(Beginning of Data excerpts)

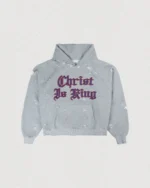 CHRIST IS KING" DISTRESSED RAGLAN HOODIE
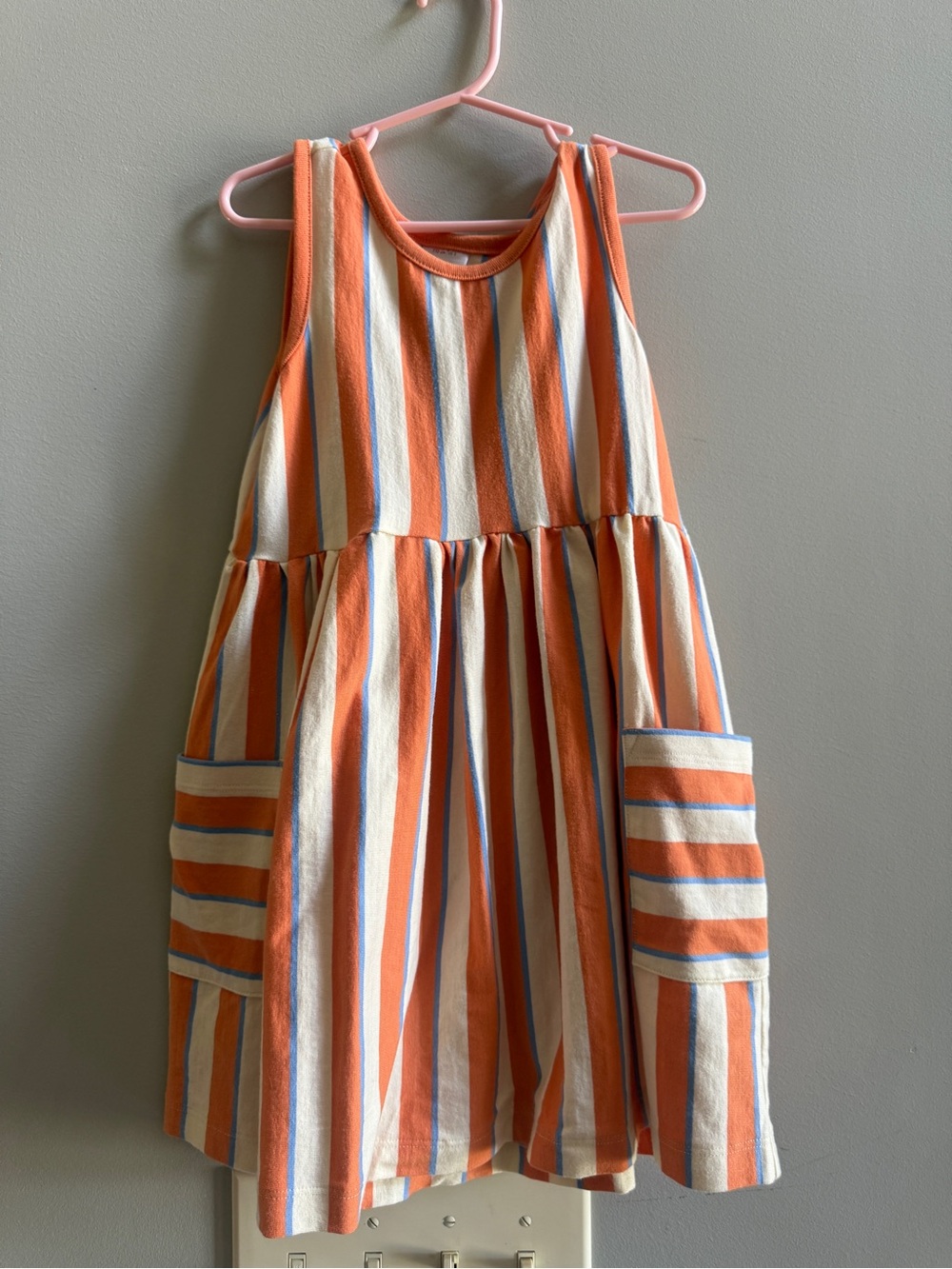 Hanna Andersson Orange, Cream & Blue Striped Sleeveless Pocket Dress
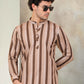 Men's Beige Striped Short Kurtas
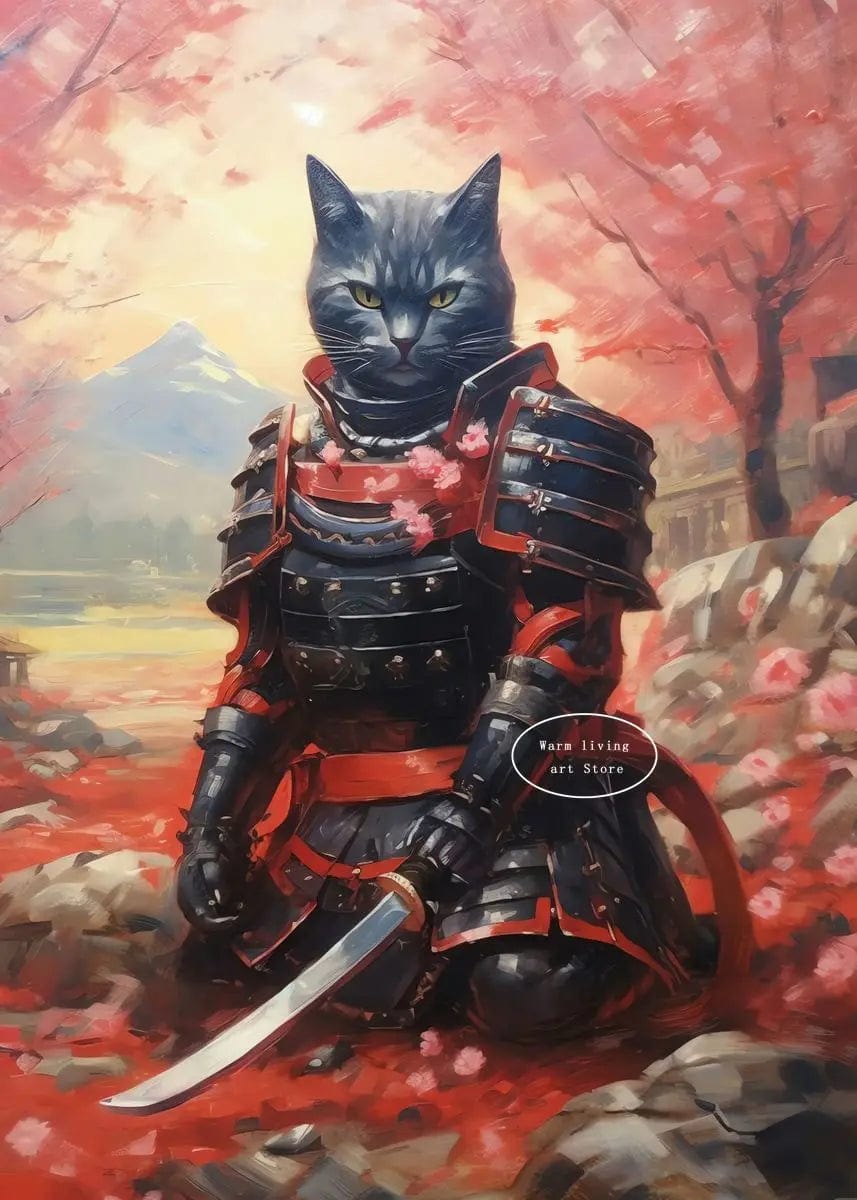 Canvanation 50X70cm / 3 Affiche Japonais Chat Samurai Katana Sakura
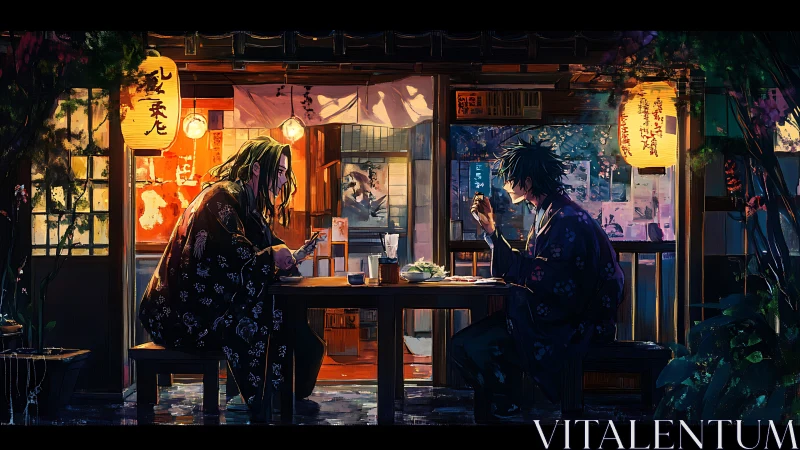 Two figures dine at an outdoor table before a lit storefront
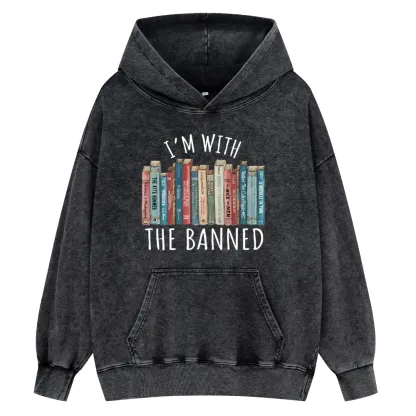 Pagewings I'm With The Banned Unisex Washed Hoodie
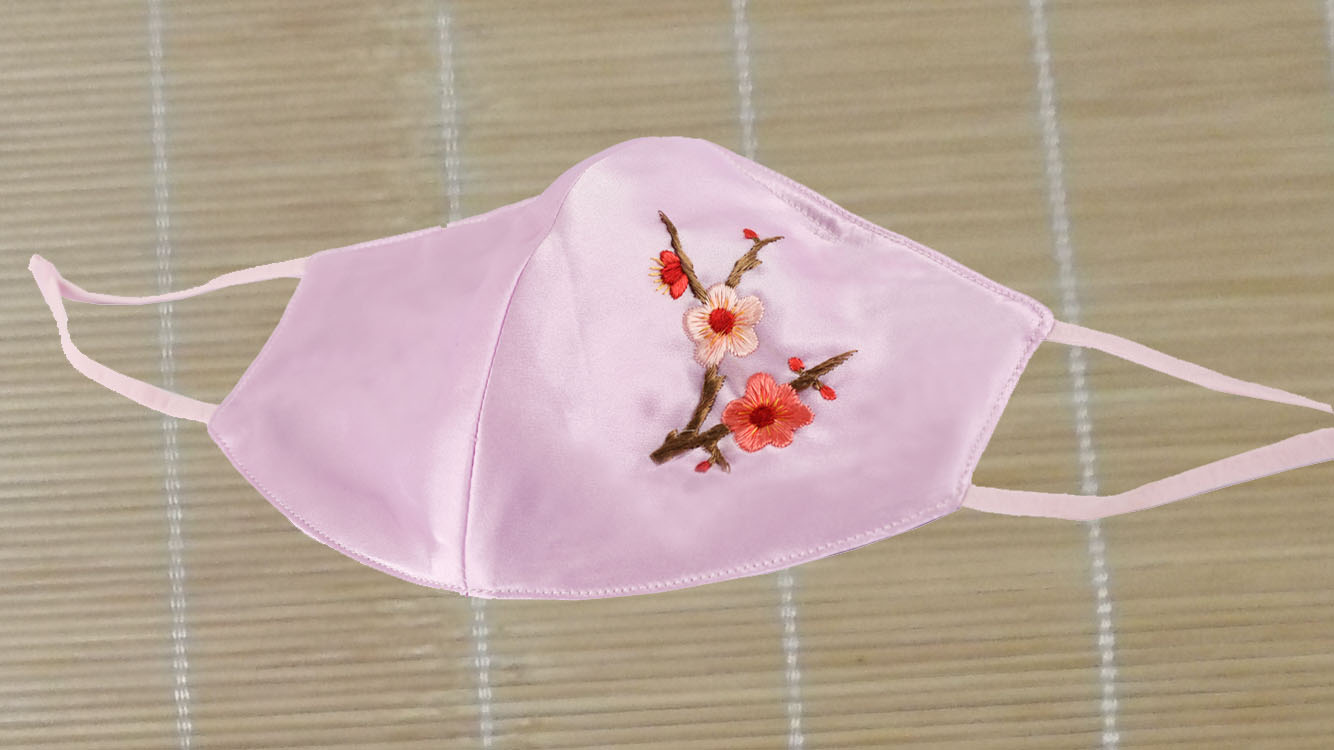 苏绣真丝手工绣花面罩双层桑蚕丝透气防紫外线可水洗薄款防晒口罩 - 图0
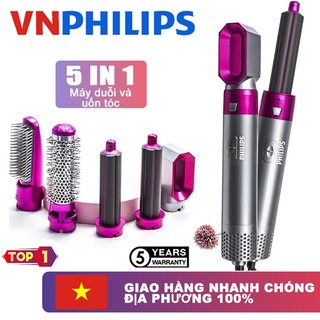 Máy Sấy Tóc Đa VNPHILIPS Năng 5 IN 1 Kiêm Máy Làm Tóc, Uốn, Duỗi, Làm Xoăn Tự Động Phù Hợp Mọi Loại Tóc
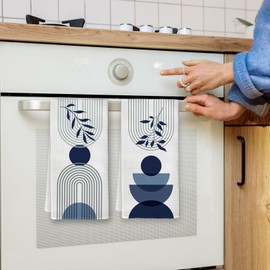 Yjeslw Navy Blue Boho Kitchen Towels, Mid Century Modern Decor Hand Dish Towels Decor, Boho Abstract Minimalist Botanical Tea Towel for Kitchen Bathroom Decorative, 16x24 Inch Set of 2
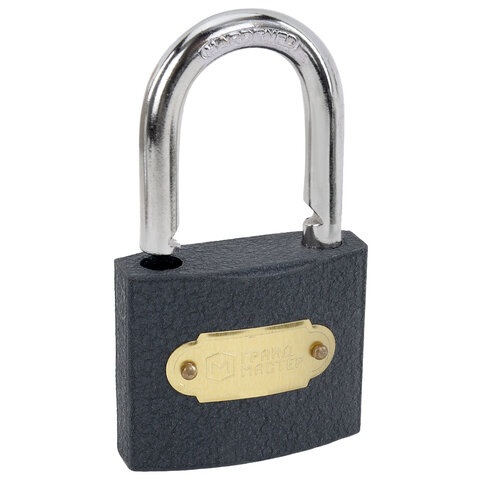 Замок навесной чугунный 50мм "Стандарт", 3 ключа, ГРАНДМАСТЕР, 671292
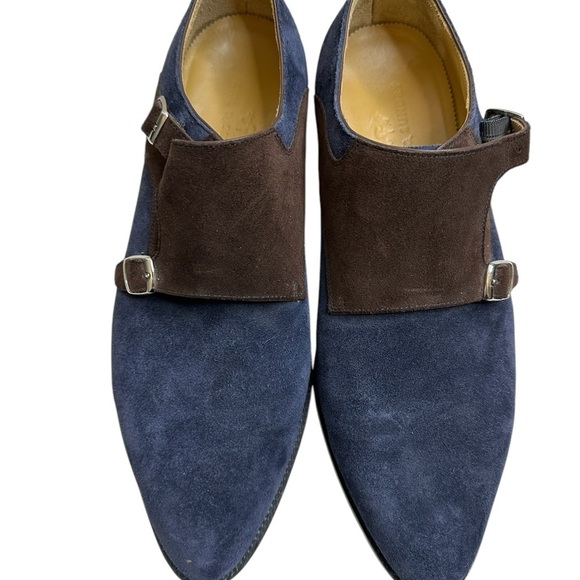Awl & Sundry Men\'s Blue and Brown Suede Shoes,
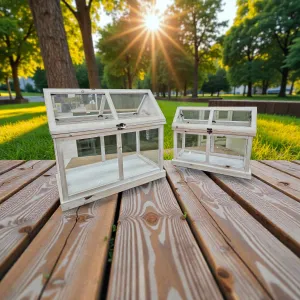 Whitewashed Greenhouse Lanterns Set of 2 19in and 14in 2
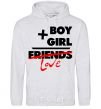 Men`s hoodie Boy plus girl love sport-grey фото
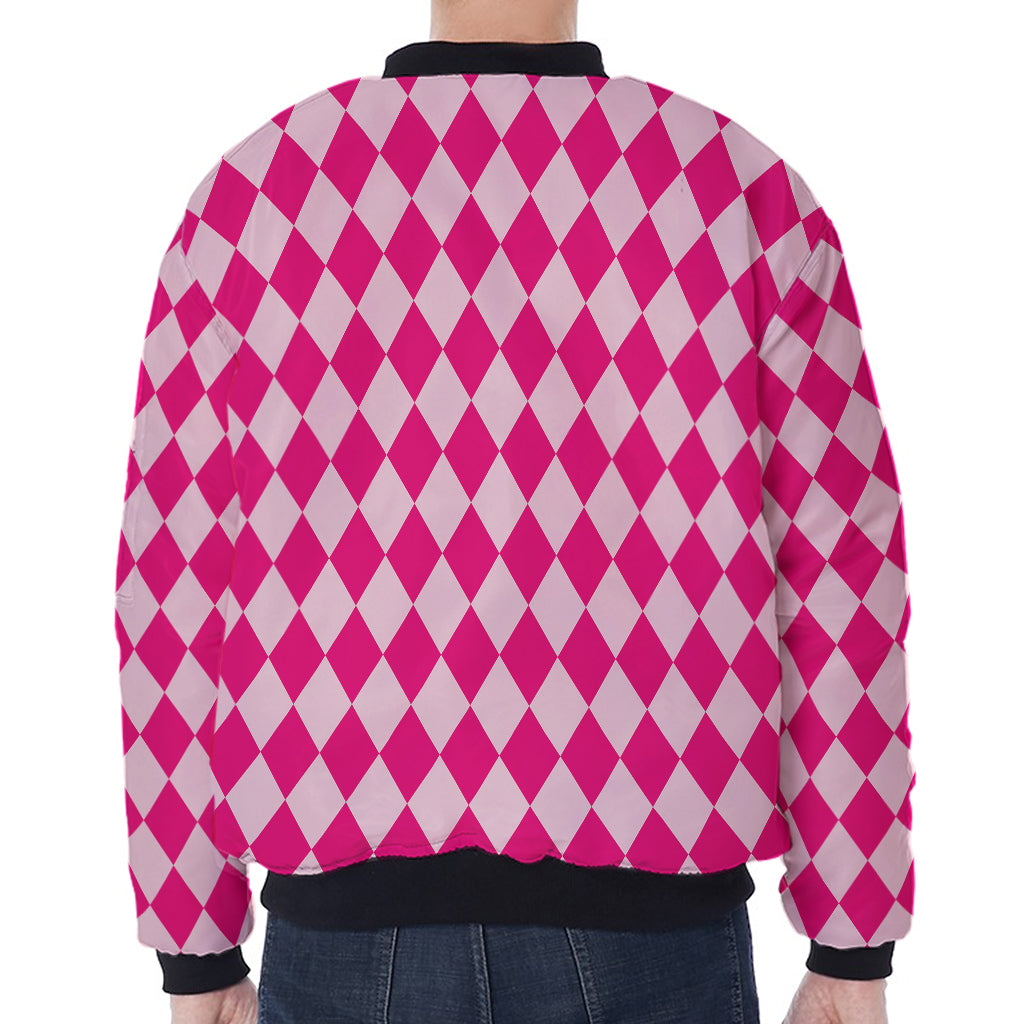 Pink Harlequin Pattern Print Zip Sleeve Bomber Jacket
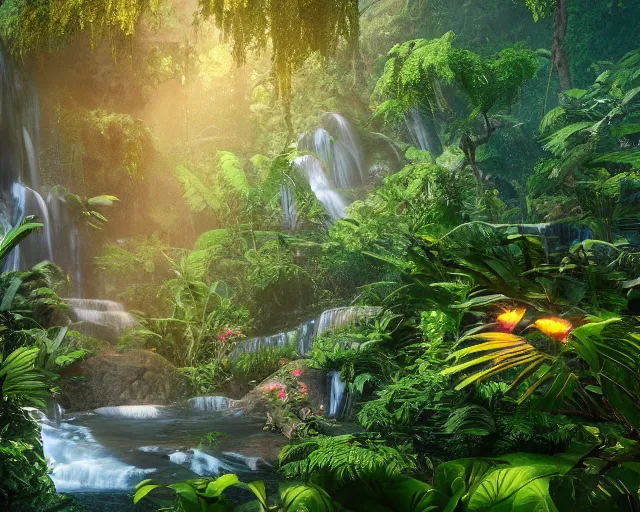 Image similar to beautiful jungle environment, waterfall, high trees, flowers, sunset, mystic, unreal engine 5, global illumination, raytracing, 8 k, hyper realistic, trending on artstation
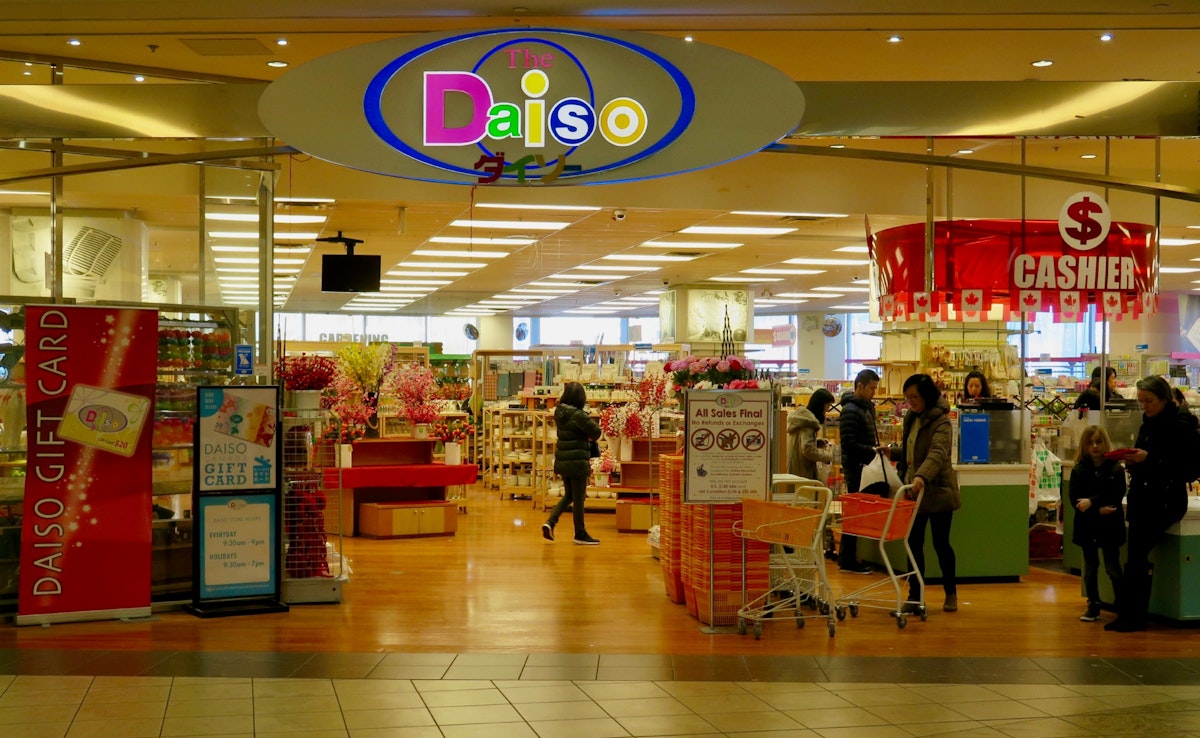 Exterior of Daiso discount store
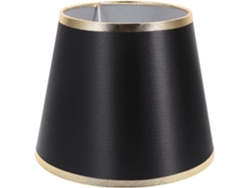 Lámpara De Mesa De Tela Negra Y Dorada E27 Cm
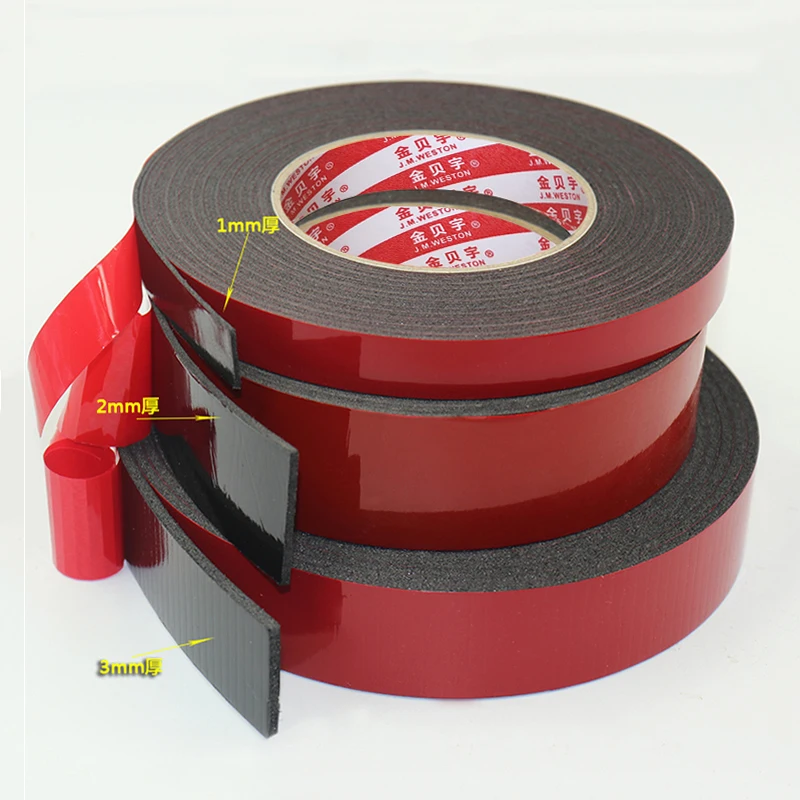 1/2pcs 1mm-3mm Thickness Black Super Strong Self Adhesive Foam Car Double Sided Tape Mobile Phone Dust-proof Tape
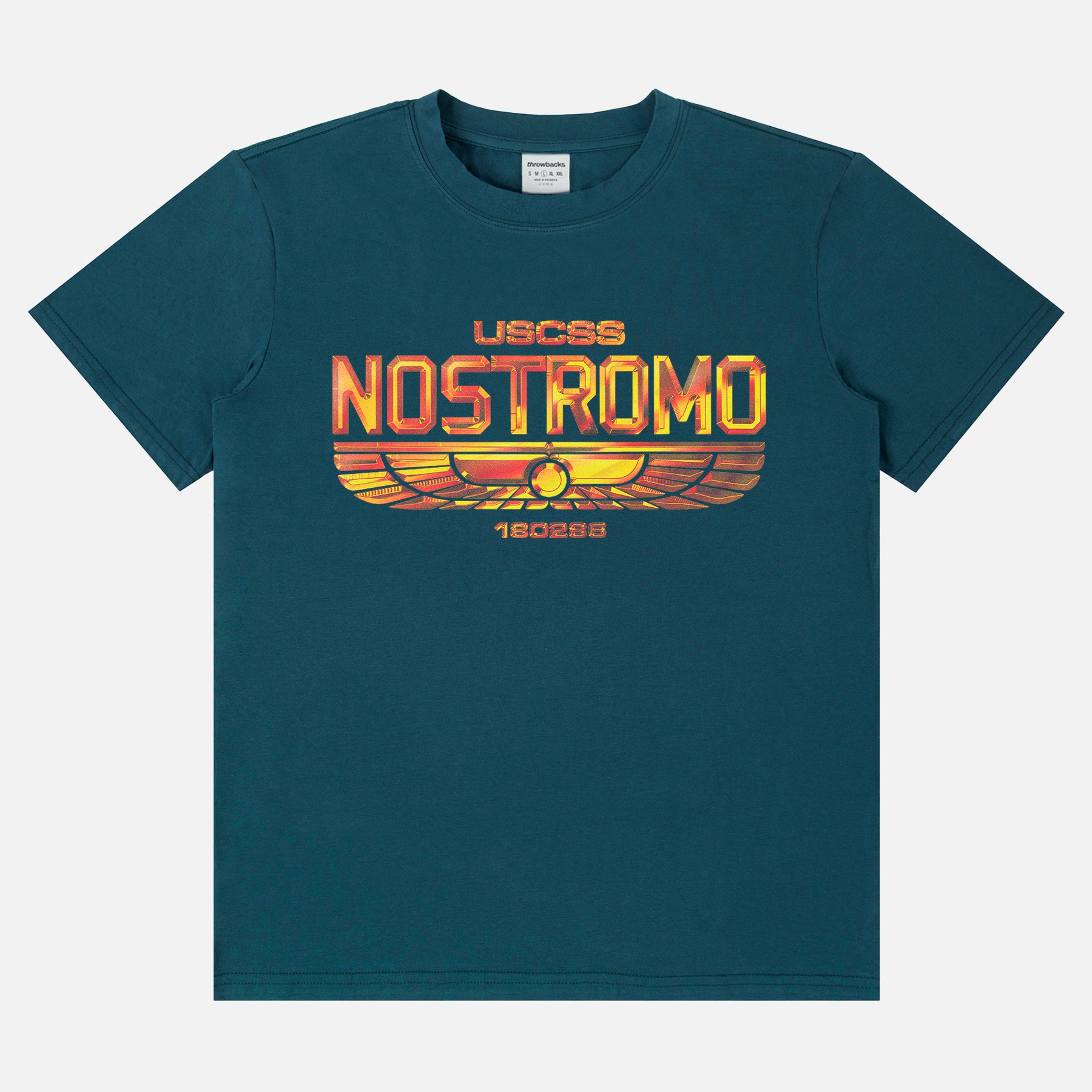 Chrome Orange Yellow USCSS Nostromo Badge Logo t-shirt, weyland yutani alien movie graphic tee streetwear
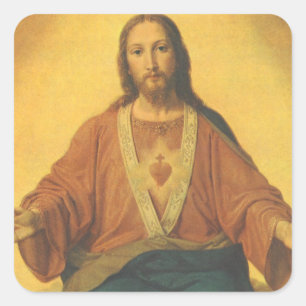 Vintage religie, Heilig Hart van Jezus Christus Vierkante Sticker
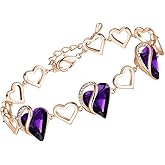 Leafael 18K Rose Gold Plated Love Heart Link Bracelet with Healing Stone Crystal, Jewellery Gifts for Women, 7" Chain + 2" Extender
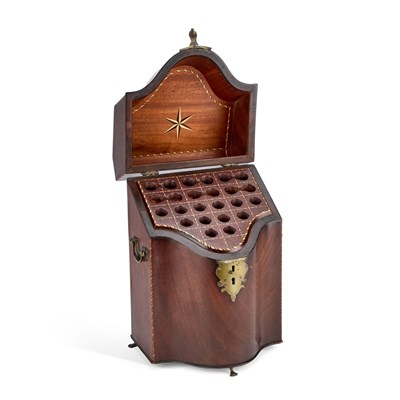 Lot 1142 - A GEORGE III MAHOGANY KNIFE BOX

(End of Data excerpts)

**Work instruction:** Would you copy out every entry above word for word, without the pictures?

**Output for this task:**
 CHRIST IS KING" DISTRESSED RAGLAN HOODIE
 Hanna Andersson Orange, Cream & Blue Striped Sleeveless Pocket Dress
 Men's Beige Striped Short Kurtas
 Canvanation 50X70cm / 3 Affiche Japonais Chat Samurai Katana Sakura
 Two figures dine at an outdoor table before a lit storefront
 Pagewings I'm With The Banned Unisex Washed Hoodie
 苏绣真丝手工绣花面罩双层桑蚕丝透气防紫外线可水洗薄款防晒口罩 - 图0
 Máy Sấy Tóc Đa VNPHILIPS Năng 5 IN 1 Kiêm Máy Làm Tóc, Uốn, Duỗi, Làm Xoăn Tự Động Phù Hợp Mọi Loại Tóc
 Yjeslw Navy Blue Boho Kitchen Towels, Mid Century Modern Decor Hand Dish Towels Decor, Boho Abstract Minimalist Botanical Tea Towel for Kitchen Bathroom Decorative, 16x24 Inch Set of 2
 Замок навесной чугунный 50мм "Стандарт", 3 ключа, ГРАНДМАСТЕР, 671292
Awl & Sundry Men\'s Blue and Brown Suede Shoes,
 Whitewashed Greenhouse Lanterns Set of 2 19in and 14in 2
 Men`s hoodie Boy plus girl love sport-grey фото
 Pink Harlequin Pattern Print Zip Sleeve Bomber Jacket
 Image similar to beautiful jungle environment, waterfall, high trees, flowers, sunset, mystic, unreal engine 5, global illumination, raytracing, 8 k, hyper realistic, trending on artstation
 Exterior of Daiso discount store
 Lámpara De Mesa De Tela Negra Y Dorada E27 Cm
 1/2pcs 1mm-3mm Thickness Black Super Strong Self Adhesive Foam Car Double Sided Tape Mobile Phone Dust-proof Tape
 Chrome Orange Yellow USCSS Nostromo Badge Logo t-shirt, weyland yutani alien movie graphic tee streetwear
 Vintage religie, Heilig Hart van Jezus Christus Vierkante Sticker
 Leafael 18K Rose Gold Plated Love Heart Link Bracelet with Healing Stone Crystal, Jewellery Gifts for Women, 7" Chain + 2" Extender
 Lot 1142 - A GEORGE III MAHOGANY KNIFE BOX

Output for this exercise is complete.